Yesterday at New York City’s Bronx Zoo, I attended a great meeting celebrating the five-year anniversary of the United Nations REDD Programme.
As I listened to the moving speeches of Minister Holmas from Norway’s International Development Ministry and CI Board Member Edward Norton highlighting the role of forests and need to protect them, I thought about all that has been accomplished over the last five years in the realm of REDD+ (Reducing Emissions from Deforestation and Forest Degradation.)
In some ways, we could not have hoped for greater success for this program, which provides economic incentives (primarily in developing countries) to increase the value of standing forests, thus providing an alternative to the “business as usual” of logging or clearing for agriculture.
Ever since the 2007 U.N. Climate Change conference in Bali, the value of forests has gradually made it to the forefront of the climate change agenda, and is now regularly discussed by presidents and prime ministers. And with the development of REDD+, we finally have a means by which to protect these forests.

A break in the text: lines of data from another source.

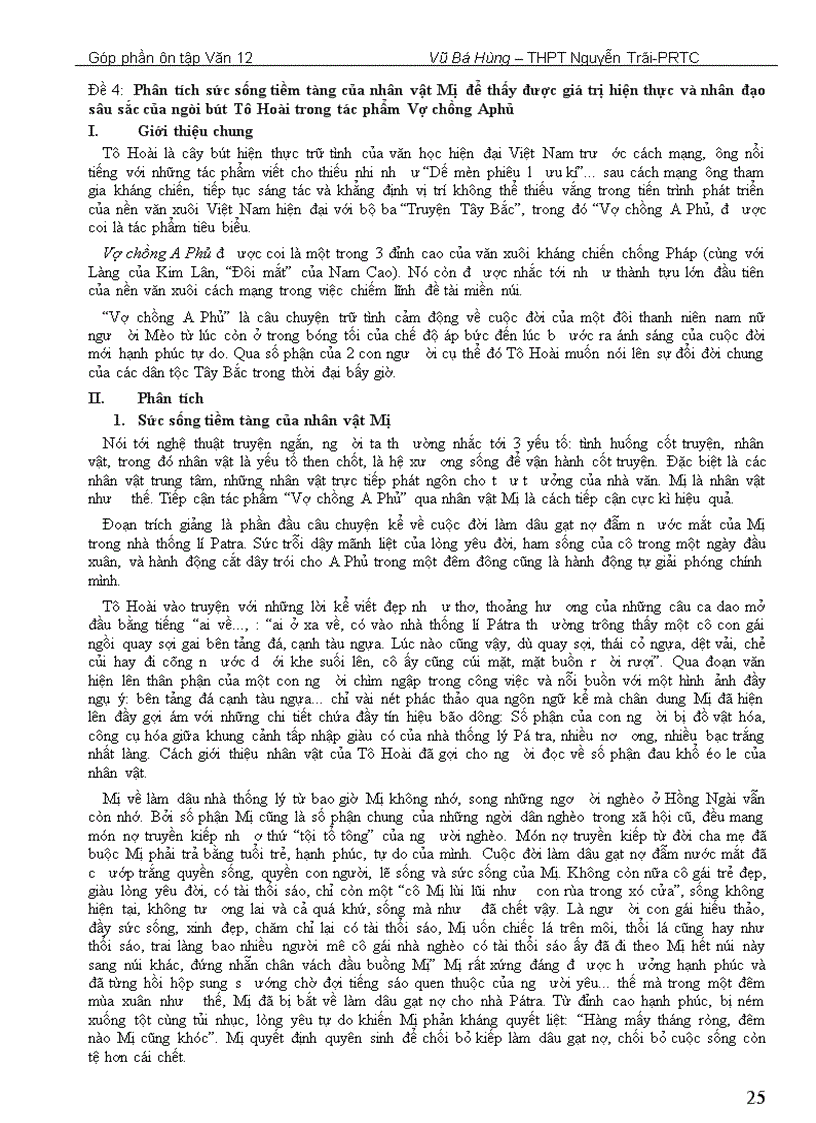 image for page Một số bài ôn thi tốt nghiệp ĐH CĐ Văn 12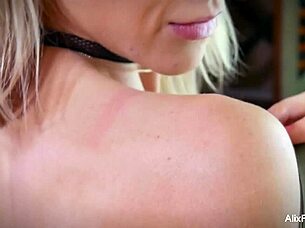 Watch Alix Lynx worship her pussy in solo masturbation, contrasting her big tits and ass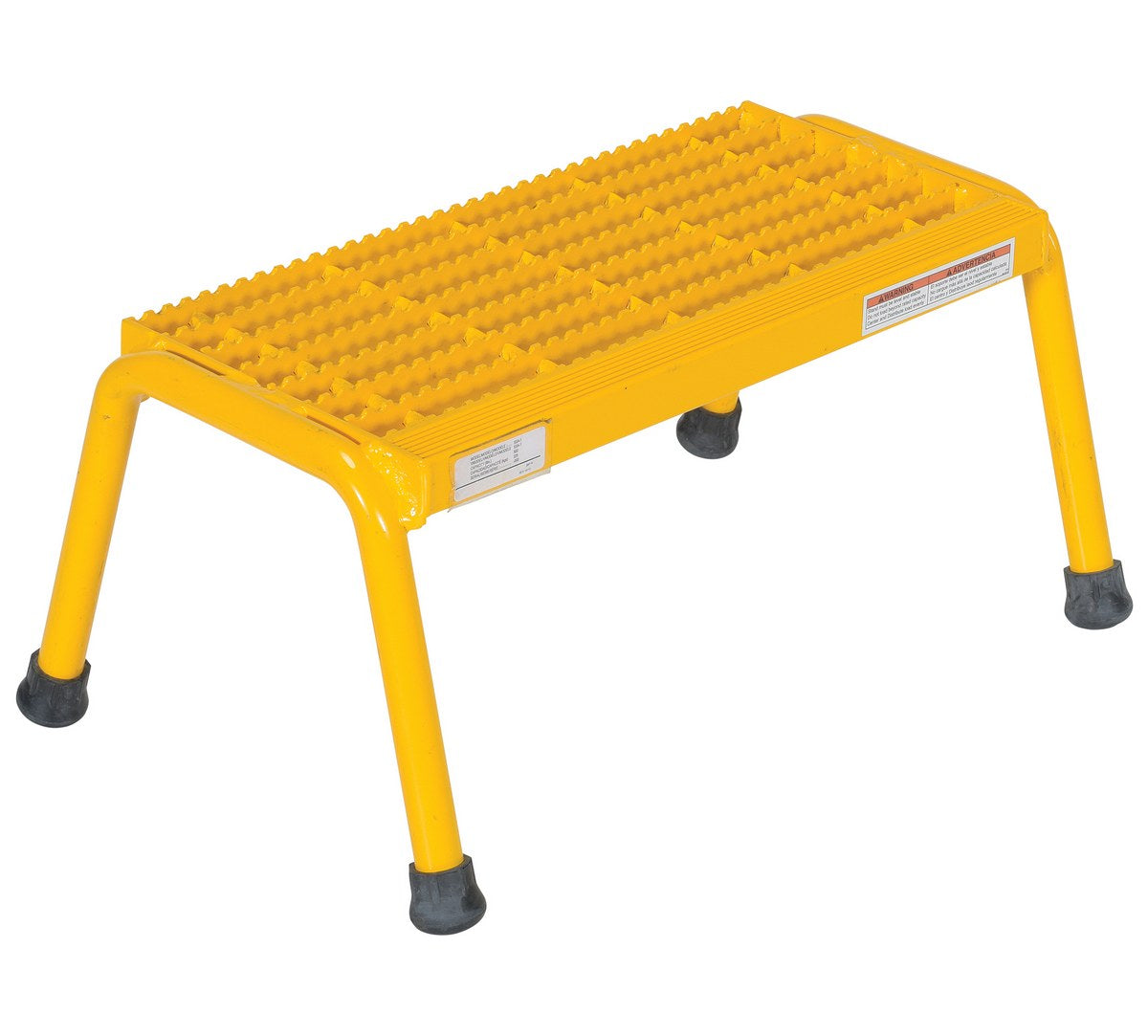 Vestil SSA-1-Y Aluminum Step Stand, 1 Step, Welded, Yellow, 1 Steps, 10.4375 Overall Height, Aluminum, Yellow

Yet at this moment, the future of REDD+ is far from certain. Successes on the ground have not been met by commitments of further support from the international community. Instead, slow progress in international climate change negotiations and differing agendas among donors have left REDD+ projects battling for buyers of carbon credits within the relatively small voluntary carbon market.
Although an extraordinary amount of funding has been raised, little is flowing to actual forest protection or communities. Out of more than US$ 1 billion raised in various multilateral funds, less than 1% has been disbursed over the last five years. New research from CI shows that although a slew of successful REDD+ projects have been developed, they have not been met with a corresponding uptick in market demand for these credits.
This is a critical time for the future of our forests — and the people who call them home. Here are three reasons we need to keep REDD+ going.
1. Forests are important.
Forests are central to the livelihoods of over 1 billion people, are home to 80% of terrestrial biodiversity and provide a suite of environmental services — from freshwater provision to erosion prevention — that we are still only just beginning to understand. They are, however, disappearing at an alarming rate. The FAO estimates that between 12–15 million hectares (29.6–37.1 million acres) are deforested every year, accounting for more emissions than all of the world’s planes, trains, ships, cars and trucks combined.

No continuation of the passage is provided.